Cohomology of Oriented Tree Diagram Lie Algebras

TL;DR

This paper studies the cohomology of generalized oriented tree diagram Lie algebras using Hodge Laplacian, proving conjectures and deriving generating functions for Betti numbers, extending classical Lie algebra results.

Contribution

It generalizes the cohomological analysis of tree diagram Lie algebras, proves the total rank and b2 conjectures, and derives generating functions and identities extending Bott's classical results.

Findings

Proved the total rank conjecture for these Lie algebras.

Established the b2-conjecture for the class of algebras.

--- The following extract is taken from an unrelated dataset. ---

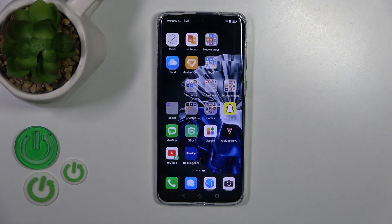Hi, today I'm Rory with the Huawei P60 Pro, and I'll show you how to add and remove home screen widgets on this device.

Derived generating functions for Betti numbers using Young tableaux.

Abstract

Xu introduced a family of root-tree-diagram nilpotent Lie algebras of differential operators, in connection with evolution partial differential equations. We generalized his notion to more general oriented tree diagrams. These algebras are natural analogues of the maximal nilpotent Lie subalgebras of finite-dimensional simple Lie algebras. In this paper, we use Hodge Laplacian to study the cohomology of these Lie algebras. The "total rank conjecture" and "$b_2$-conjecture" for the algebras are proved. Moreover, we find the generating functions of the Betti numbers by means of Young tableaux for the Lie algebras associated with certain tree diagrams of single branch point. By these functions and Euler-Poincare principle, we obtain analogues of the denominator identity for finite-dimensional simple Lie algebras. The result is a natural generalization of the Bott's classical result in the case of special linear Lie algebras.